Developed Strong Research Skills: The research process has honed my ability to conduct rigorous research, formulate hypotheses, design experiments, collect and analyze data, and draw meaningful conclusions. These skills are crucial for success in academia and industry as a researcher.
Enhanced Problem-Solving and Analytical Abilities: My research challenges have strengthened my problem-solving and analytical skills. I learned to identify the root causes of problems, devise creative solutions, and critically evaluate potential outcomes. These skills are essential for tackling complex technical problems in computing.
Improved Communication and Presentation Skills: The need to present my research findings to both academic and industry audiences has enhanced my communication and presentation skills. I learned to effectively convey complex technical concepts clearly, concisely, and engagingly. These skills are essential for communicating research findings to colleagues, clients, and the public.
Deepened Understanding of Industrial Control Systems: My research focused on improving the safety and security of Industrial Control Systems (ICS). This has given me a profound understanding of ICS architecture, design principles, and security vulnerabilities. This knowledge will be invaluable in my future endeavors in the ICS domain.
Developed Research Ethics and Integrity: Conducting responsible and ethical research has been a central aspect of my experience. I learned to adhere to ethical guidelines, respect intellectual property, and avoid plagiarism. These principles are essential for maintaining research integrity and upholding academic standards.
Computing PhD: What research or projects are your currently working on?

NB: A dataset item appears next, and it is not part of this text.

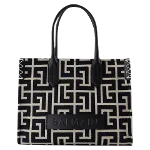 Black Cotton Balmain Tote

Ukegbu: After publishing my first three papers on cooperative verification of PLC programs and boundary verification of PLC programs and developing benchmarks for cooperative verification of safety and security properties of PLC programs, I am currently working on developing frameworks for boundary verification of safety and security properties of complex industrial processes. These frameworks use ontologies and signal temporal logic to detect violations in these processes while understanding their structure and real-time implications to the verification requirements of such complex industrial processes. This work uses Eastman’s Tennessee plant model as an example. We want to use ontology to understand the relationships of the various constraints while using STL to verify the boundary properties of this plant in real time. Expected Impact: This work is expected to significantly impact the safety and security of complex industrial processes, such as nuclear power plants and grids. By developing frameworks for boundary verification, we can help prevent subtle safety and security violations that could have catastrophic consequences. For example, our frameworks could detect sensor data anomalies that could indicate a potential security breach. Additionally, our frameworks could be used to verify that control systems are operating within safe boundaries, even in the face of unexpected disturbances. By improving the safety and security of complex industrial processes, we can help protect critical infrastructure and ensure public safety.